### Provided data
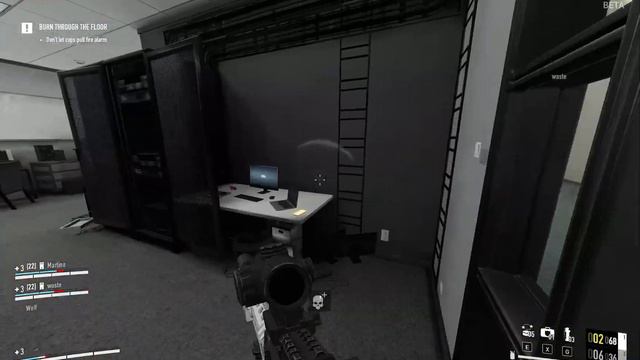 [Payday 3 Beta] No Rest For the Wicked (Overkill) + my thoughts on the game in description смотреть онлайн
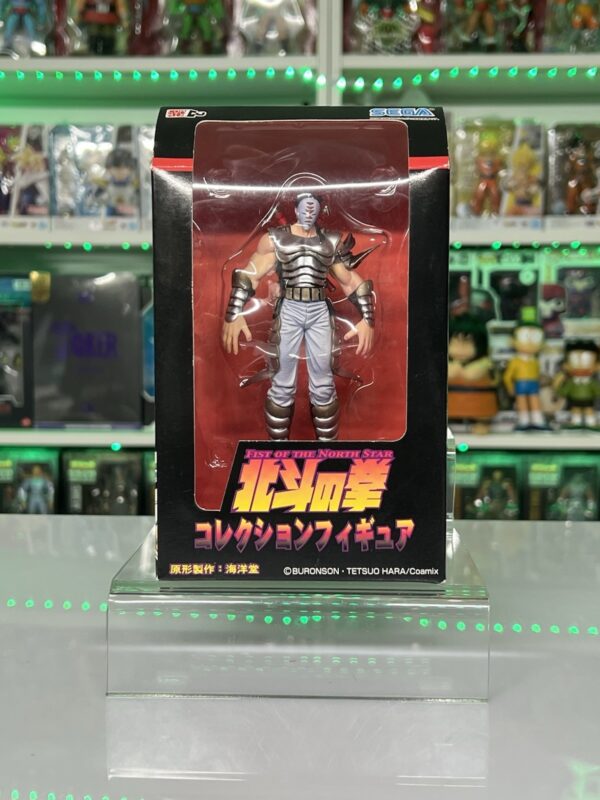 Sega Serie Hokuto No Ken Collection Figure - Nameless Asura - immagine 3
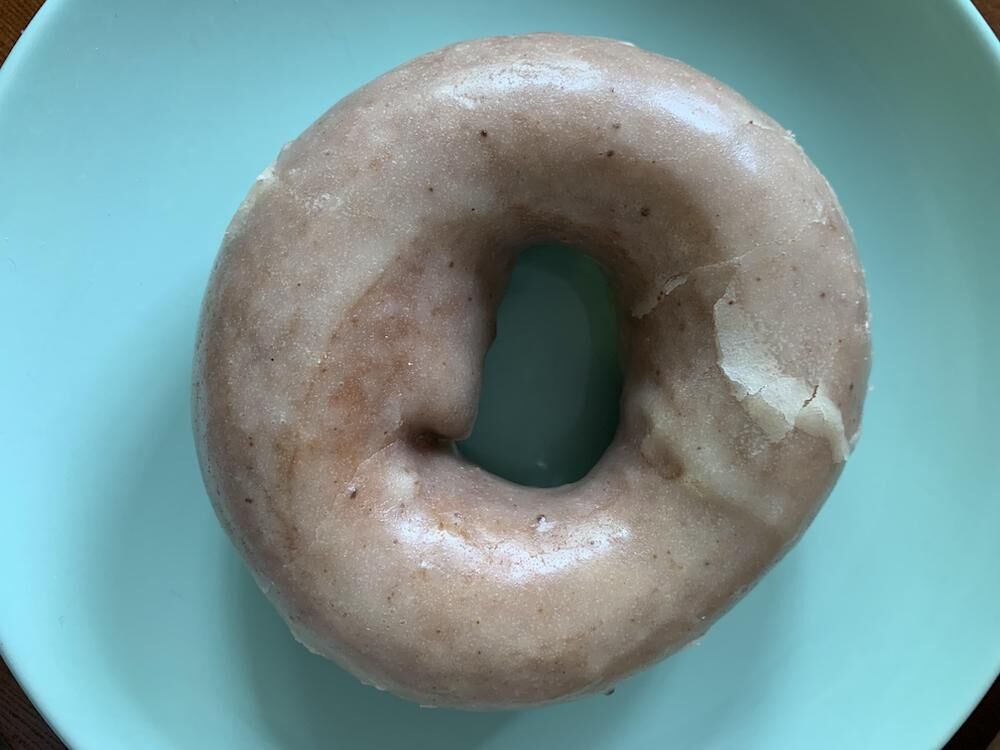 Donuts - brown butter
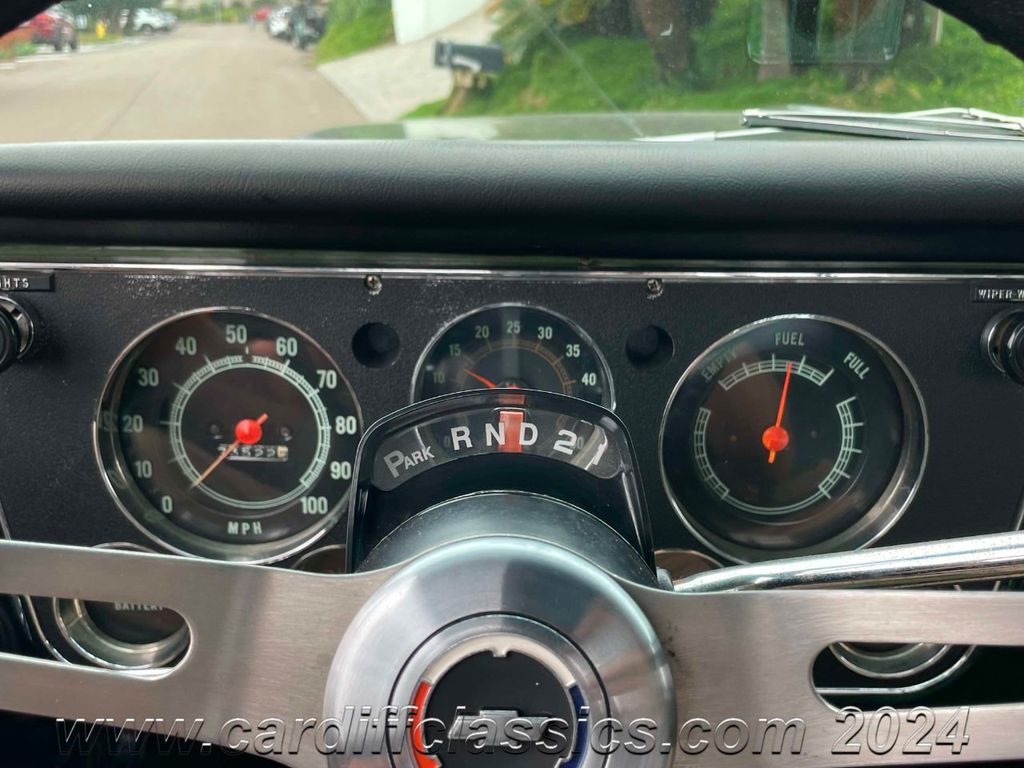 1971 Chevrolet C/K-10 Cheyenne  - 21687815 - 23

* * *

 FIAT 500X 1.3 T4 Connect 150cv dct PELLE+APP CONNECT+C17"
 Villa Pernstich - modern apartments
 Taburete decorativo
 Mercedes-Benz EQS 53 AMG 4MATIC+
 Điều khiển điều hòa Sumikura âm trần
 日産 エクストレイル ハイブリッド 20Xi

### Directions
Nothing outside the stretch above, from the line with "Donuts - brown butter" through the line with "1971 Chevrolet C/K-10", is set down. Transcribe that stretch exactly, ends included, but not its pictures.

### Answer
 Donuts - brown butter
 1971 Chevrolet C/K-10 Cheyenne  - 21687815 - 23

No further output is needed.